How anyone could ever presume to know what is inside God's mind is, to me, one of the higher mysteries of humanity. But to report this hocus pocus as fact, on a television news program, in the 21st freaking century, a good 30 years after Sidney Lumet gave us Network, and hundreds of years after, you know, reason was invented-well, holy crap, I never realized how pathetic the KUSI news division actually is.
Is it KUSI or CBN fer crissake? God is not a fact. God is the opposite of fact. God is faith. Faith and fact are about as compatible as shaved chocolate on ballpark hotdogs. I always thought the word 'fact'had to do with logic and evidence and proof and stuff. Doug Curlee thinks a fact is something he read in book that was written more than 3,500 years ago by people who believed an invisible man in the sky was talking to them.
Now, it's possible that saying 'fact'was just a figure of his speech. Well, if I had any doubt that Doug Curlee intended to identify the existence of God as fact, what he said next surely smothered it. He said verbatim, 'Easter is the day, of course, that Christ was resurrected.”
Here again, Curlee is stating Christian dogma as fact. He may not have used the word 'fact'this time, but he certainly affirmed the resurrection. A better reporter would've said, 'Easter is the day Christians believe Christ was resurrected.'Curlee even added the phrase 'of course'to the sentence. His exact quote was: 'This is the day, of course, that Christ was resurrected.'Well, of course 'of course.'How could anyone question that story? The Bible is a perfectly legitimate news source, and the witnesses to the resurrection were just sooo credible. It's not like rising from the dead isn't an easy parlor trick that any mediocre magician could pull off. It's not like people back then weren't stupider, desperater, easier-to-manipulate than now. It's not like the folks who witnessed Christ's resurrection didn't have a reason to stage it, or lie about it or want to believe it. Oh please! That's enough right there to question the veracity of the Bible's account of Jesus' resurrection. Then there's the problem of how ancient it is and how often it was rewritten and, Jesus Cronkite Curlee, even the Weekly World News is a more reliable source than the goddamn Bible.

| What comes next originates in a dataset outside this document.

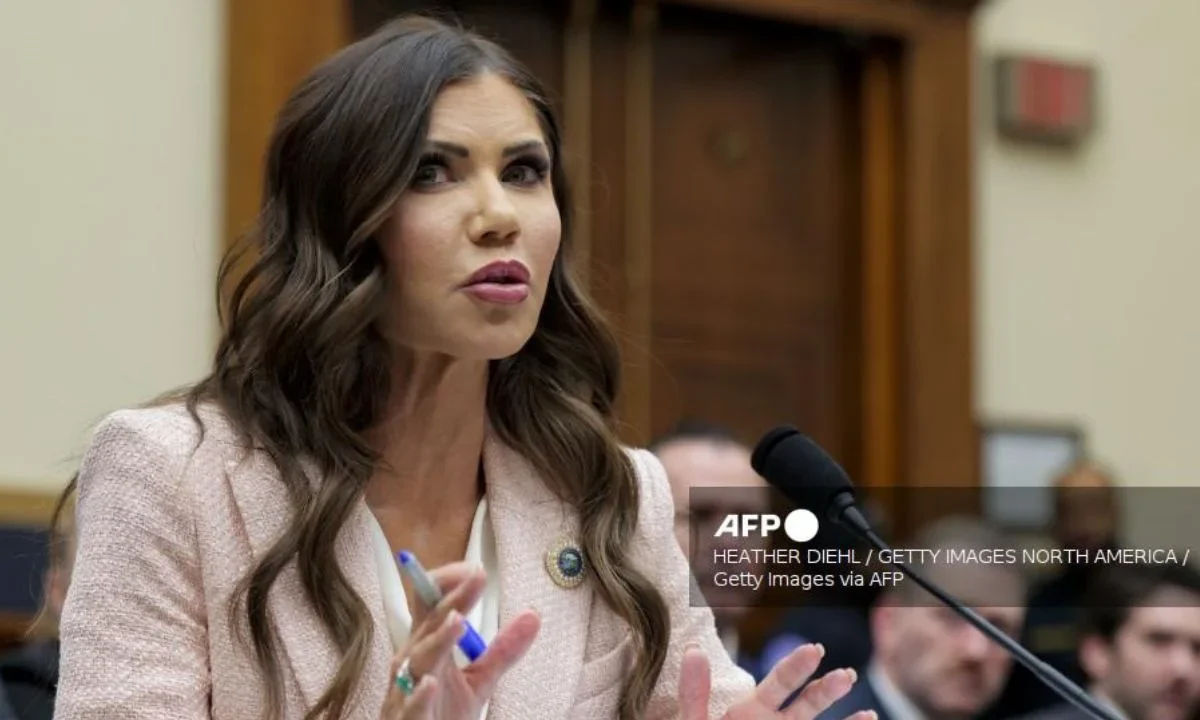 Trump anuncia que destituyó a la secretaría de Seguridad Nacional Kristi Noem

By the way, this religious drivel didn't end with Doug Curlee. Others on the broadcast were behaving similarly: Dave Scott the weatherman gave his props to The Lord also. After Curlee, Scott gave a weather report from the site of another Easter service on Mount Helix. He reported about the crappy weather, then mentioned how the Helix Easter service was over and that he was alone on the mountain. 'Well, the Big Man is always with us,'he told anchor Dave Davis, to which Davis added a hearty, 'Well, yeah.'As if to say, 'Well, duh, of course the Big Man is with us-what do you think, I'm agnostic?”

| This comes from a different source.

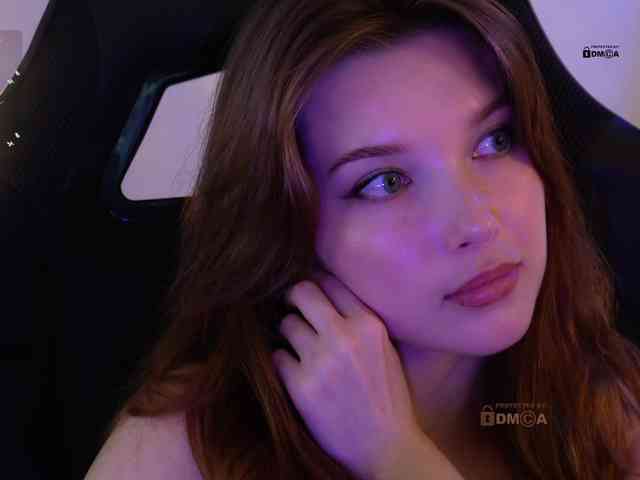 mispopi Sex Cam Show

Maybe I just never noticed, but I don't recall ever hearing a news team display such overt religious preference as this. Oh sure, the overall grotesque, super, extra-hyper media over-coverage of our Judeo-Christian holidays is a gnarly bias in itself. However, watching this Easter broadcast, it's as if KUSI identified itself as a Christian news station, something a real news organization would never allow. Revealing partiality toward any religion is a conflict of interest, especially when reporting on anything remotely faith-based. And, knowing what we know about the institution of religion in general, that bias would surely seep into everything else the news organization reports-like the war, or local politics, even the weather. I mean, Dave Scott might as well just have come out and said, 'Yup, it's very cloudy at Mt. Helix today-must be God's mad at us about something.”
It's the same as when Fox News displayed the American flag under its logo in the days following 9/11. Doing so pretty much identified the network as having a bias, in this case a geopolitical one. Of course, a real news division would never fly any flag, or covet any religion, because any news organization worth half a tick on its ticker-tape machine has a predisposition only to truth. Not the truth as Americans want it, or as Christians want it, but the real true truth, which is, of course, the greater cause of course, of course, of course.
Come on, KUSI, don't you see? Separation of church and media is as important as separation of church and state. Don't get me wrong. I'm not suggesting you don't have the right to embrace and present whatever hocus pocus you got duped into believing. And I am certainly not calling for the firing of Curlee or Scott or Davis, offensive though they be. No, what I'm going to do is either stop watching KUSI news altogether or, more likely, continue to watch it in the manner in which I watch O'Reilly, or Hannity or Reno 911-as a zany comedy show with kooky idiot-clown characters who say and do outrageous things, like broadcasting news reports on an invisible man who lives in the sky. I find it's much better when you view it that way.